Durant l'une des plus longues guerres civiles d'Afrique, les rebelles du Sud-Soudan ont combattu au nom des nobles objectifs de liberté et d'égalité. Mais ils se sont aussi battus pour le droit de boire une bière.

Si bien que les préparatifs en vue du lancement près de Juba, la capitale du Sud-Soudan, de la première brasserie commerciale de la région depuis la guerre civile suscitent un grand intérêt.

«Nous attendons avec impatience de pouvoir goûter notre propre bière», avoue Joseph Deng, un ancien combattant, en sirotant une bière importée du Kenya. «La guerre, c'était pour la liberté. Mais ça veut aussi dire le droit de boire de l'alcool et de ne pas être soumis à une autre religion».

Durant la guerre, qui a opposé pendant 22 ans des rebelles issus du sud à majorité chrétienne ou animiste et le gouvernement musulman à dominante arabe du nord, l'alcool était interdit au Sud-Soudan, soumis à la charia (loi islamique.

Jusqu'à l'accord de paix de 2005, la guerre a fait plus de deux millions de morts et environ quatre millions de déplacés.

Southern Sudan Beverages, filiale du géant mondial SAB Miller, a nécessité 37 millions de dollars d'investissements et aura une capacité quotidienne de 150 000 bouteilles.

«Nous avons mis au point une bière fraîche, un peu amère, qui étanche la soif et est spécialement adaptée au climat», explique Ian Alsworth-Elvey, son directeur général.

Il jure que le breuvage «fera plus que rivaliser» avec ses concurrentes. «Toutes les bières sont bonnes mais certaines sont meilleures que d'autres», assure-t-il.

La brasserie occupe un bâtiment de 7400 m2. Des sacs de malt et des tonnes de sucre, ingrédients clé de la bière, sont empilés très haut.

La première bière commencera à être brassée «dans les jours qui viennent», ajoute le directeur général. Le processus dure cependant 18 jours et les premières bouteilles ne devraient être ouverte dans les bars qu'en mai.

La dernière brasserie du Sud-Soudan avait été détruite dans les années 1970 lors d'une précédente guerre civile.

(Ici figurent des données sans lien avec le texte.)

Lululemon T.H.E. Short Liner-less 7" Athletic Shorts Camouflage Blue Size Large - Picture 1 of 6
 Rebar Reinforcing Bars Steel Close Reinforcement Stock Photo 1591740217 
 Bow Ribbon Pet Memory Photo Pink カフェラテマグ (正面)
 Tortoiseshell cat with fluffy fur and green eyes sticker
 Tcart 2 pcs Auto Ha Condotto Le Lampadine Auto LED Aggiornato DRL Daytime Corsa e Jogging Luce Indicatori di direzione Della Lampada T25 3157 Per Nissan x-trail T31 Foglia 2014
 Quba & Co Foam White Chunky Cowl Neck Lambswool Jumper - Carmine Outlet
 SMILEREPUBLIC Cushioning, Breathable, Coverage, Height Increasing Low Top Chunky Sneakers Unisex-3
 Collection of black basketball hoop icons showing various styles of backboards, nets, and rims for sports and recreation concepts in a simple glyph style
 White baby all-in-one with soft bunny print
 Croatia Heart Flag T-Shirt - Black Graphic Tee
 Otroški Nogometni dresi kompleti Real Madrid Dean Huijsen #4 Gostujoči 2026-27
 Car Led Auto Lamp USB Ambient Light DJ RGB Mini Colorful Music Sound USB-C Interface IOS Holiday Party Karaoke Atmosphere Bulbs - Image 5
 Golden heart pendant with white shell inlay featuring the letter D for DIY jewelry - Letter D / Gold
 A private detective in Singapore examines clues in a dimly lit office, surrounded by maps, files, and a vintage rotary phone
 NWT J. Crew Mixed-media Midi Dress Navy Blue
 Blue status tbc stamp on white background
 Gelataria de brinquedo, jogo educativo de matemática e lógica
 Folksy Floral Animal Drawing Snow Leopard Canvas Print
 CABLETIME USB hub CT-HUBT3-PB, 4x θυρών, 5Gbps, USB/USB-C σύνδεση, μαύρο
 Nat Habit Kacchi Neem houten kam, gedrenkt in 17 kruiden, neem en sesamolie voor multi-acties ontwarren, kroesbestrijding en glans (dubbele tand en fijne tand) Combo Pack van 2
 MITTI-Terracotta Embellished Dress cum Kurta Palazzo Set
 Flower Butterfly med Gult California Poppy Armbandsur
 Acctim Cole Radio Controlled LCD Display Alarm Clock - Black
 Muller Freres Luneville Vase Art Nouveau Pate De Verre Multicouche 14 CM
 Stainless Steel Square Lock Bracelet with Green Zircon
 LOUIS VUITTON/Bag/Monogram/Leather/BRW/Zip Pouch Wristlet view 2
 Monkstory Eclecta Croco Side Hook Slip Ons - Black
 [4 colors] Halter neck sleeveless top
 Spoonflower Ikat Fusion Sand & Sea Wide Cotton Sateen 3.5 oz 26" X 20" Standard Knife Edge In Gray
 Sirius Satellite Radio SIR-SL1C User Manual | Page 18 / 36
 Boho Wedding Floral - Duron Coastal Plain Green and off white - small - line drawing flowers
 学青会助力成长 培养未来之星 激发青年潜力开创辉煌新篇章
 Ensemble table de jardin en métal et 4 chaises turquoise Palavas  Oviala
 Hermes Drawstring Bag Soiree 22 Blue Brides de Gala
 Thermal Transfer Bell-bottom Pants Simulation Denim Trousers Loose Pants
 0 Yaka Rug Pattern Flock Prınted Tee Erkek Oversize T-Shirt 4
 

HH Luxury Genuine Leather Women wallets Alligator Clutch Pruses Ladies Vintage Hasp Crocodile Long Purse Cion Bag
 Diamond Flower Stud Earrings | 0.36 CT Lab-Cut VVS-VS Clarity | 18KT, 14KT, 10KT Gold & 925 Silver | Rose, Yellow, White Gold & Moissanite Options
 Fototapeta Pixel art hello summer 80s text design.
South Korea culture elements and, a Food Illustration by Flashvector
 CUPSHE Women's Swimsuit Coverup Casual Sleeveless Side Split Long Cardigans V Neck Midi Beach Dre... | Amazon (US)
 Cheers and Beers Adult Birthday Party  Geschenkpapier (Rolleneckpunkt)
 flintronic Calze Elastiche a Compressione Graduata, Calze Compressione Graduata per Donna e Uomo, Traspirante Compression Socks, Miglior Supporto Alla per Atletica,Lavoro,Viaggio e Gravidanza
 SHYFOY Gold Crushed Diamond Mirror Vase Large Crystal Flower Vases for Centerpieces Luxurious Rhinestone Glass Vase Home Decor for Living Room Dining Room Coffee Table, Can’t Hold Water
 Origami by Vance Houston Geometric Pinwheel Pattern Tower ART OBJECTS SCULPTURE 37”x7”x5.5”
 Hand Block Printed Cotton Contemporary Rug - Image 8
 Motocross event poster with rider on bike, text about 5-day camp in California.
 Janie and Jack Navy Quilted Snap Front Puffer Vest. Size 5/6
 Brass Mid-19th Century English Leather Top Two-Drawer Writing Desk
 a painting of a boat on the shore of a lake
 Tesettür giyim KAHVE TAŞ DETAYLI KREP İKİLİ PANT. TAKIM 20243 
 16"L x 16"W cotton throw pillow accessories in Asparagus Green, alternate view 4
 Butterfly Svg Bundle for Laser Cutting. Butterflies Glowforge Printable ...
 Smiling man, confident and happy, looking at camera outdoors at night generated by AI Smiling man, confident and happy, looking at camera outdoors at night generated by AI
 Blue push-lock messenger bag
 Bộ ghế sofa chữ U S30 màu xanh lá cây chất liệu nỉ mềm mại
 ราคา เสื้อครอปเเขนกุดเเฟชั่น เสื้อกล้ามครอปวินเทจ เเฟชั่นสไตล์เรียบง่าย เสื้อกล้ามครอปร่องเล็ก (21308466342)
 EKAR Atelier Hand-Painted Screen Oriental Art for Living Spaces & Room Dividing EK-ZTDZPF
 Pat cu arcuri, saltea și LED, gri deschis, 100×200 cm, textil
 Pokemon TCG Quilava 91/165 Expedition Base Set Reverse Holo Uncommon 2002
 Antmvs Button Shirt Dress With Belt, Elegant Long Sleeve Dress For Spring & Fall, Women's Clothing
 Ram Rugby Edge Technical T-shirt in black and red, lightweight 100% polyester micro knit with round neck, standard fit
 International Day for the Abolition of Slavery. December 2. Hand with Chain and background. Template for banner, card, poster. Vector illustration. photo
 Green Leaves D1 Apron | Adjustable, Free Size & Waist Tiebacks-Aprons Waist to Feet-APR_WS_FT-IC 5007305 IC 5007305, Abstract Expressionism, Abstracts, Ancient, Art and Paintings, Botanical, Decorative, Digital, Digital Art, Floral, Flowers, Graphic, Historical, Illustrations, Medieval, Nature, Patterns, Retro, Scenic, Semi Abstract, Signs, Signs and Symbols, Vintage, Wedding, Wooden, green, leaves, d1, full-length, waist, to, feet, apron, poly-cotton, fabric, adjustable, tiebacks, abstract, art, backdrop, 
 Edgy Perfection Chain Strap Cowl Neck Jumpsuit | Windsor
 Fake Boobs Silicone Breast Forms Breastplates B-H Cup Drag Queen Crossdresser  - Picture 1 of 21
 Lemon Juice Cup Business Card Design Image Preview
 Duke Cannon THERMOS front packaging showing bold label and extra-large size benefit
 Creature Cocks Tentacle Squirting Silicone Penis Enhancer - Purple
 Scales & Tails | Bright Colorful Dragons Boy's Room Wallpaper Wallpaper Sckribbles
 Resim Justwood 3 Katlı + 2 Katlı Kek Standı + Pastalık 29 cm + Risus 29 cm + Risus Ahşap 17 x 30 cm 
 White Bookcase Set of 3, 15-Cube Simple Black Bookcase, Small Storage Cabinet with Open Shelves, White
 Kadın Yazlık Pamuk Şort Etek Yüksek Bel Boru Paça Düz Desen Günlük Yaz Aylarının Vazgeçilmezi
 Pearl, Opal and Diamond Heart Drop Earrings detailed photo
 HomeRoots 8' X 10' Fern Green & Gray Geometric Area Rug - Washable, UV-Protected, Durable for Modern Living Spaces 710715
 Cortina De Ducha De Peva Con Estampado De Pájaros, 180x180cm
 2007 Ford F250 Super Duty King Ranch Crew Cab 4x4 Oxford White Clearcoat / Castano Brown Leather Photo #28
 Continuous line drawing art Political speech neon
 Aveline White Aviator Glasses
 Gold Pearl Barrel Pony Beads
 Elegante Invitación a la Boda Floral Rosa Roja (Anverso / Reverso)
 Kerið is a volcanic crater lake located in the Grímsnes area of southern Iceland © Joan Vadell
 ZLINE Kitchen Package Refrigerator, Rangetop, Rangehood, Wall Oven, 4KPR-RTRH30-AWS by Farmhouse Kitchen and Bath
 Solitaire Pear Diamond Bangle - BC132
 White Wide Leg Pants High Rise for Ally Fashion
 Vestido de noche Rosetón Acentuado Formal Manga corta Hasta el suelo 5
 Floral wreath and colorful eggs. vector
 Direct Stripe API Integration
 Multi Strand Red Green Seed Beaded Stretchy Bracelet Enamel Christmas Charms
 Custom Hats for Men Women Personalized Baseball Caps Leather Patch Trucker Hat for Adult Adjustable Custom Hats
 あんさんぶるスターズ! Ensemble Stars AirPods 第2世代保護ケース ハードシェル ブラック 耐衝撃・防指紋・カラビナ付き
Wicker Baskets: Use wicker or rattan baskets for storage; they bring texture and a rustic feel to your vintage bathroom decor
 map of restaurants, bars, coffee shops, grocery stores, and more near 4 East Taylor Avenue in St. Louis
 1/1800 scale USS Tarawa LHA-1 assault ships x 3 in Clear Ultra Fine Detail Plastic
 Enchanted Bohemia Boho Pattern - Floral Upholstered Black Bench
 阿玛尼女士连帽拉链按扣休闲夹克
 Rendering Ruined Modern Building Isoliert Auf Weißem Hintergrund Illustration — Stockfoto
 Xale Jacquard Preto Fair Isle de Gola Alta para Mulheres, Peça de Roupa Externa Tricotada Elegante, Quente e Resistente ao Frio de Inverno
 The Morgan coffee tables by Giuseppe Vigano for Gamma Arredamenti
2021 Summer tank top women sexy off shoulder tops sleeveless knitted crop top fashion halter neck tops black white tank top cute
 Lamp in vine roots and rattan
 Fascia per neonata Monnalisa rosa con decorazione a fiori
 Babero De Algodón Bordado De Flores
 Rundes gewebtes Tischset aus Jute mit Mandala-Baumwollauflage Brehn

Si la consommation d'alcool est toujours sévèrement punie dans le nord, la bière coule à flots dans le sud, venant d'Ouganda, du Kenya et même d'Europe. Mais le coût du transport rend son prix prohibitif (deux dollars environ dans un bar) pour les habitants, dont 90% vivent avec moins d'un dollar par jour, selon les chiffres de l'ONU.

Pour le directeur général, il s'agit d'une nouvelle étape vers une plus grande sécularisation et l'émancipation du Sud semi-autonome, qui doit voter par référendum en 2011 sur l'indépendance.

La population «devrait la considérer comme une victoire vers le droit à l'auto-détermination», estime-t-il.

La brasserie, qui emploiera environ 250 personnes, dont 80% de Soudanais du Sud, constitue aussi une étape sur la voie de la reconstruction. «Bien que petite par rapport aux normes internationales, c'est de loin la plus grande industrie du Sud-Soudan», poursuit M. Alsworth-Elvey.

Le nom de la bière restera secret jusqu'à son lancement officiel mais il aura «un sens pour la population» de la région, assure-t-il.

Dans un bar de Juba, des buveurs se livrent à des spéculations.

«Dr John Garang», lance l'un d'eux, en référence à l'ancien icône rebelle et premier président du Sud-Soudan, mort peu après l'accord de paix en 2005.

Mais un autre buveur, William Sebit, n'est pas d'accord. «La "Bière Béchir", ça serait mieux», rigole-t-il, évoquant le président soudanais Omar el-Béchir, ancien ennemi juré du Sud.

Puis, il redevient sérieux. «Un bon choix serait "Liberté", car elle symbolise notre liberté», dit-il.